-- Exercise instructions --
Given these entries, repeat exactly the lines starting with the one that has "Children Bat Polyester" and going on through the one that has "NIKE インフィニティラン4 ブループリント", both included, but none of the pictures.

-- Raw data --
+ + + + +
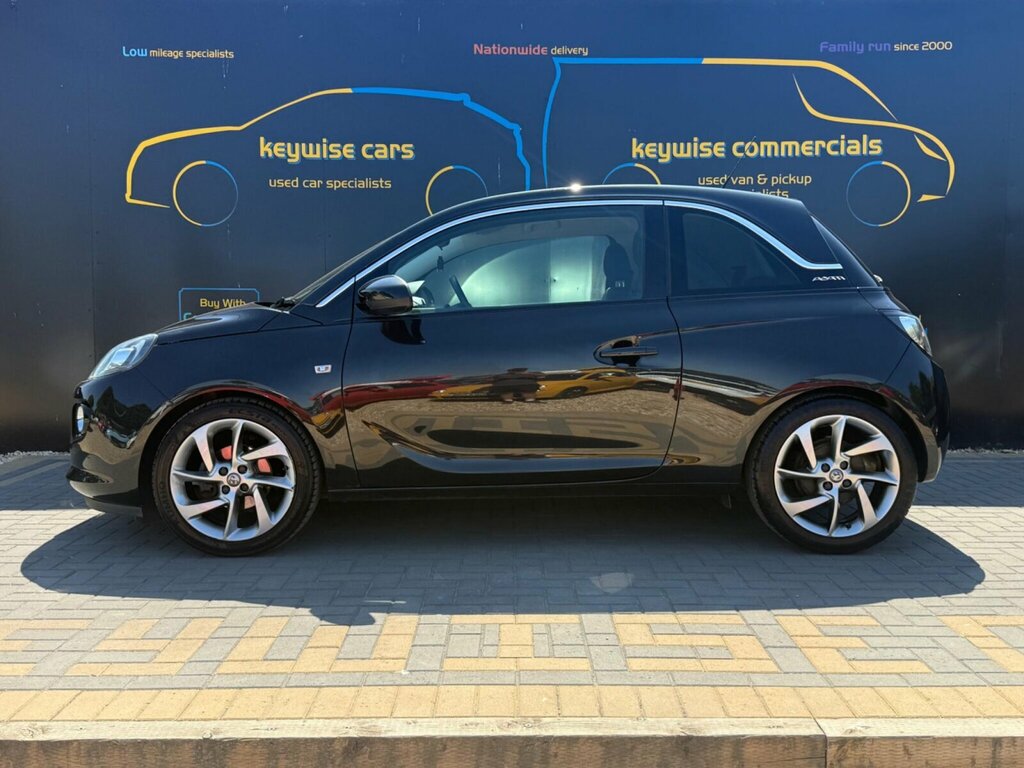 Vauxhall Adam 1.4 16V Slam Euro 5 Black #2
+ + + + +
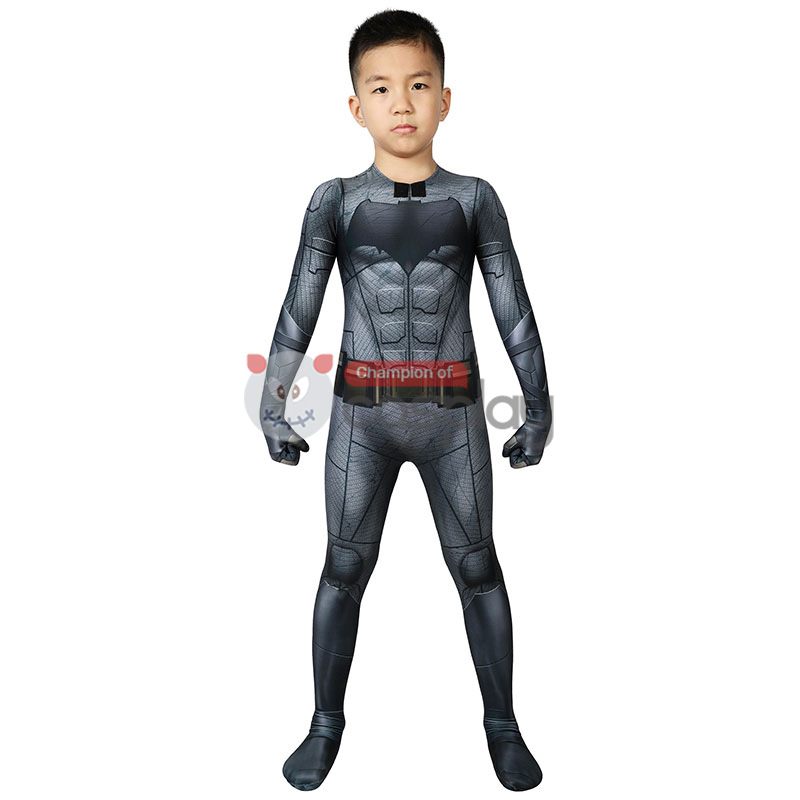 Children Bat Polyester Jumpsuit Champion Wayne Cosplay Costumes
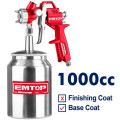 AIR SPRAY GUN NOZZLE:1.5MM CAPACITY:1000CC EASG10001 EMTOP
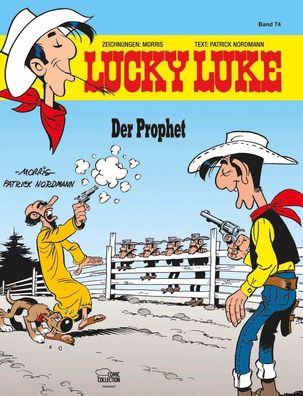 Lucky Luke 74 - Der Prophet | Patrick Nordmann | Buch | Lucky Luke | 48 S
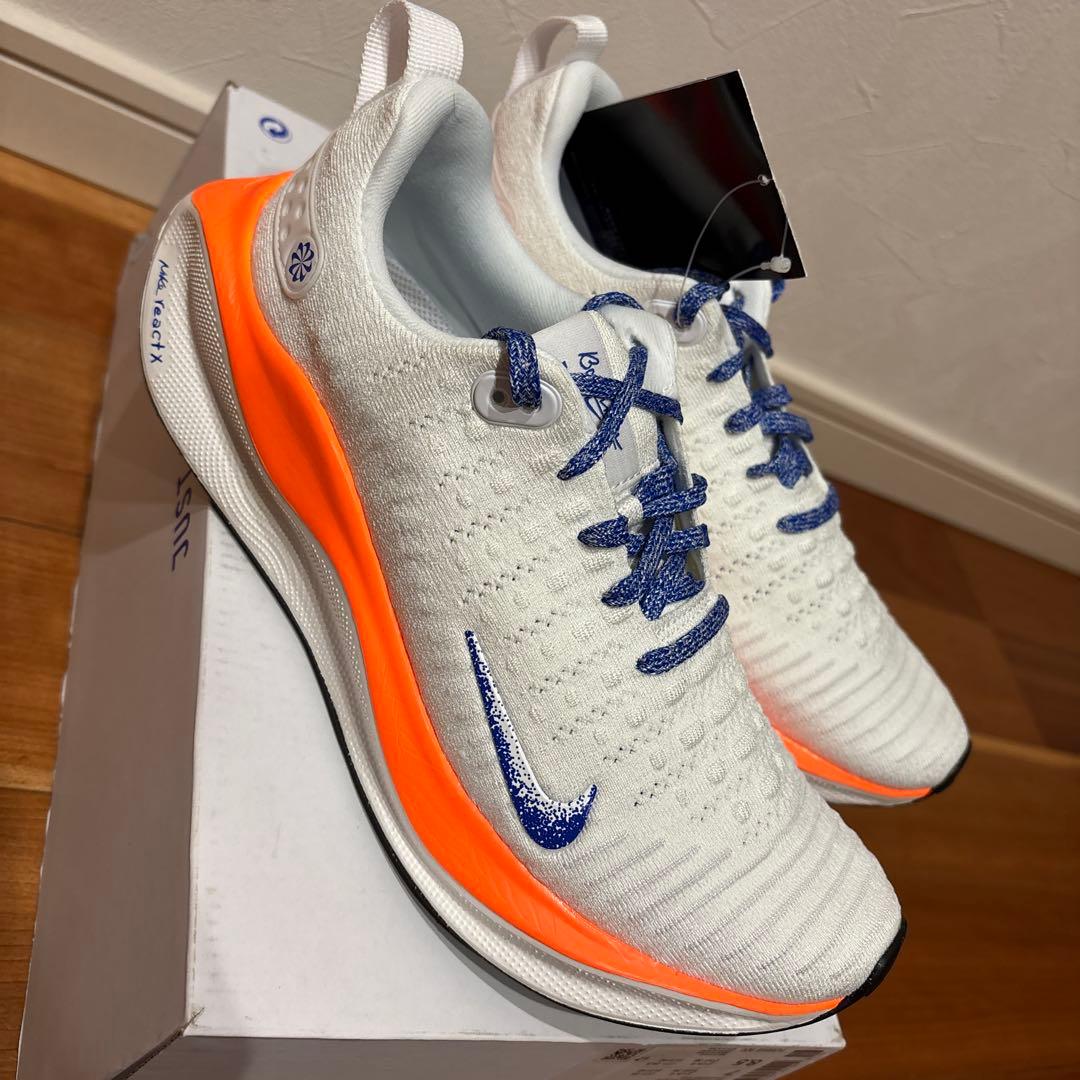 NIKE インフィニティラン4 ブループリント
+ + + + +
-- Solution for this problem --
 Children Bat Polyester Jumpsuit Champion Wayne Cosplay Costumes
 AIR SPRAY GUN NOZZLE:1.5MM CAPACITY:1000CC EASG10001 EMTOP
 Lucky Luke 74 - Der Prophet | Patrick Nordmann | Buch | Lucky Luke | 48 S
 NIKE インフィニティラン4 ブループリント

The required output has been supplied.